[Stored data]
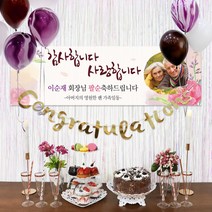 e베이비랜드 풍선+현수막 8종세트 _ 결혼기념일 40주년 칠순잔치, 3)+제작+ A1699_마블풍선(퍼플)+현수막 8종세트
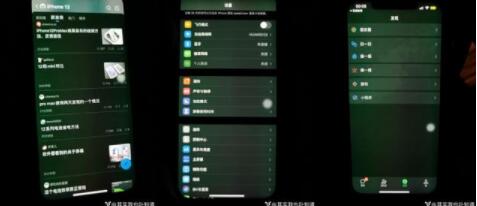 iPhone12Ļ̵ԭʲô iPhone12Ļ̽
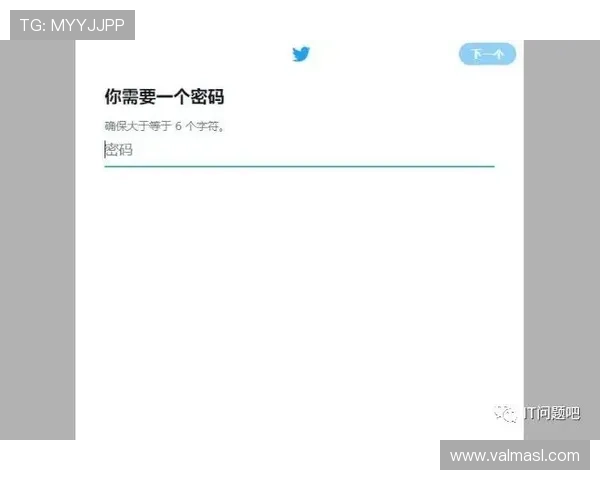 如何在真人网站上快速完成注册流程提升账户安全性的方法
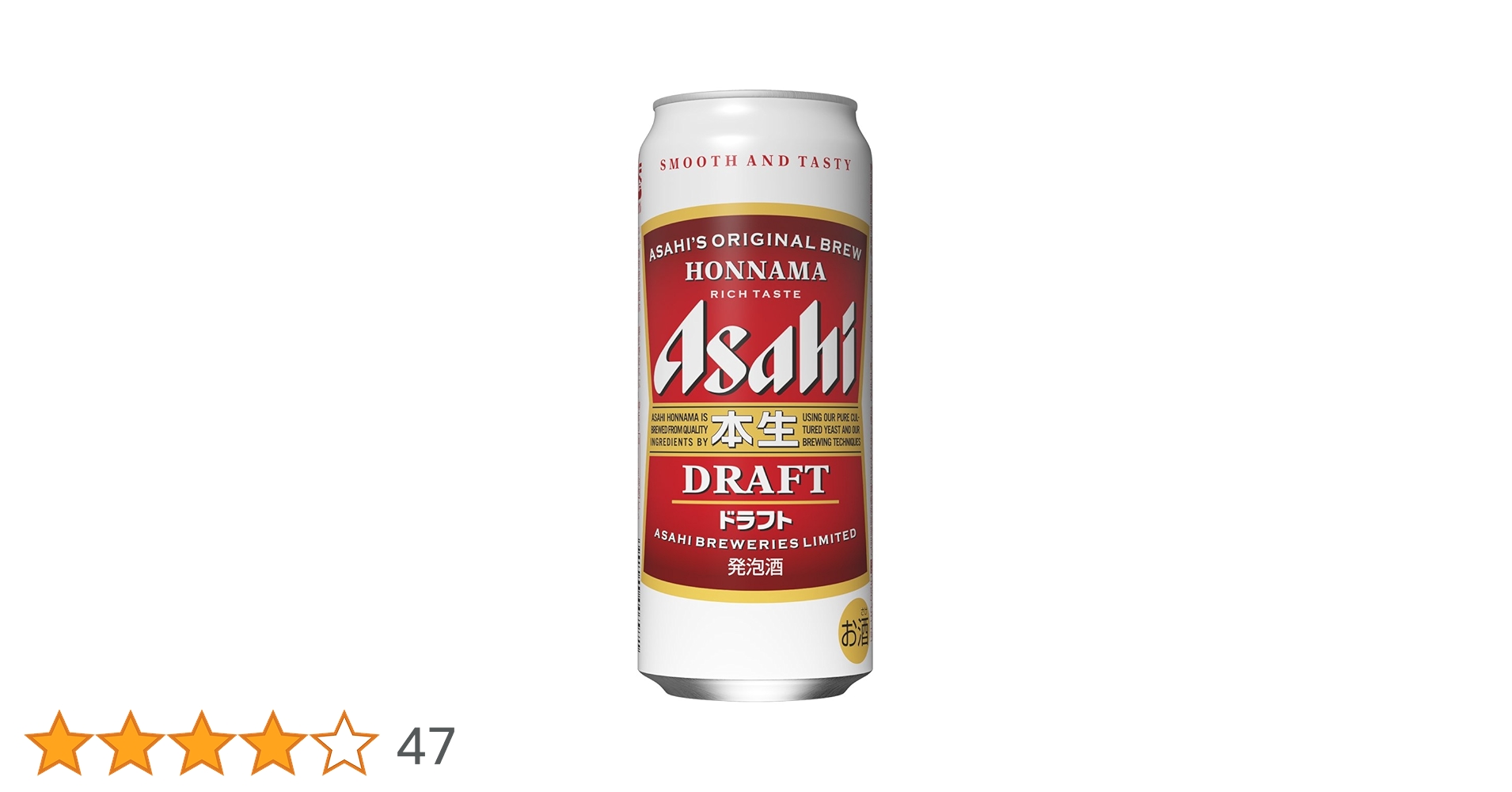 生ビール 発泡酒 500ml まとめ売り 54本 大安！ 生ビール 発泡酒 500ml まとめ売り 54本 大安！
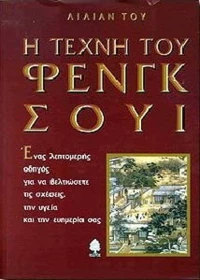 Η τέχνη του Φενγκ Σούι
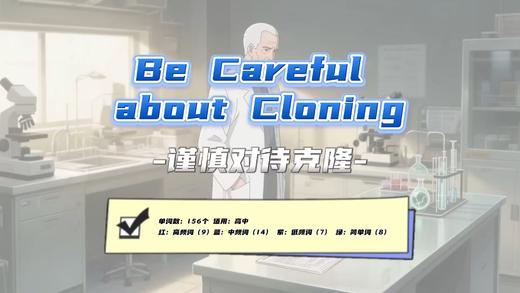 Lesson37：《Be Careful about Cloning》 商品图0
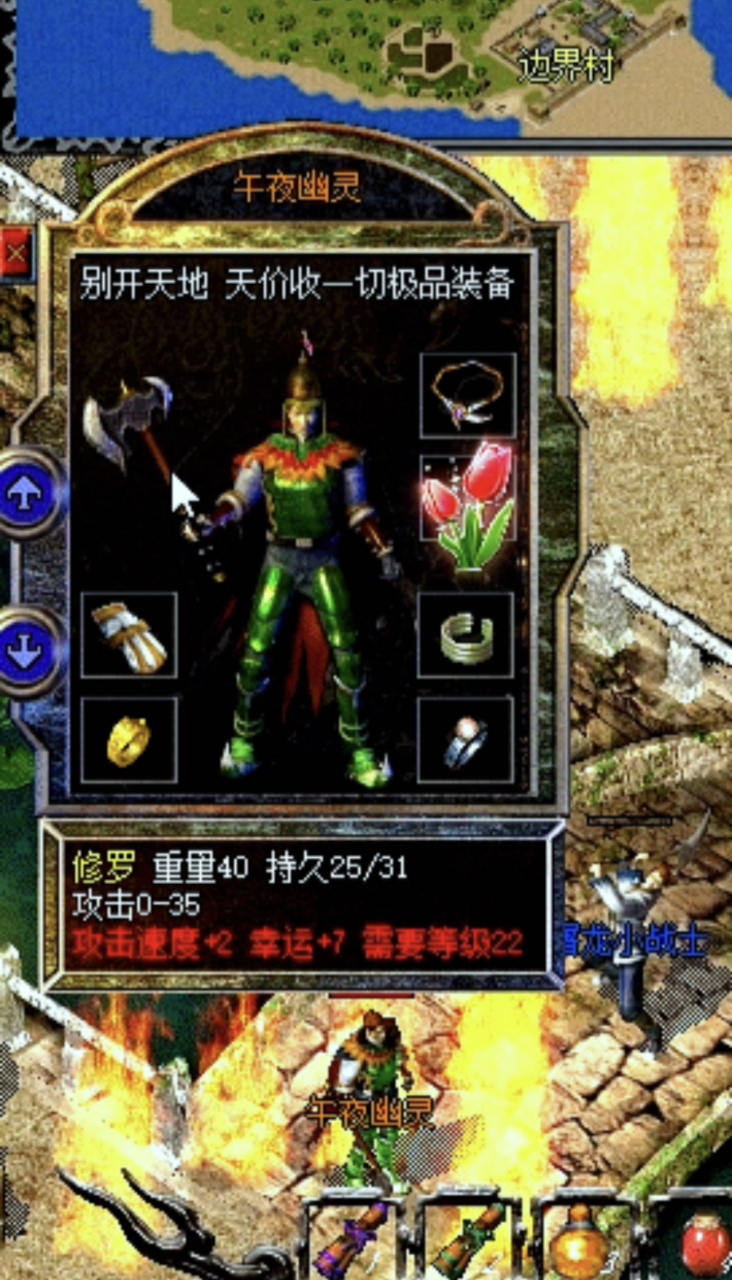 热血传奇# 三把屠龙也换不到的一把修罗,这属性真的逆天了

[Your instructions] Exclude all pictures and reproduce exactly the lines from the one containing "Η τέχνη του Φενγκ Σούι" through the final line of the entries above.

[Your response]
 Η τέχνη του Φενγκ Σούι
 Lesson37：《Be Careful about Cloning》 商品图0
 热血传奇# 三把屠龙也换不到的一把修罗,这属性真的逆天了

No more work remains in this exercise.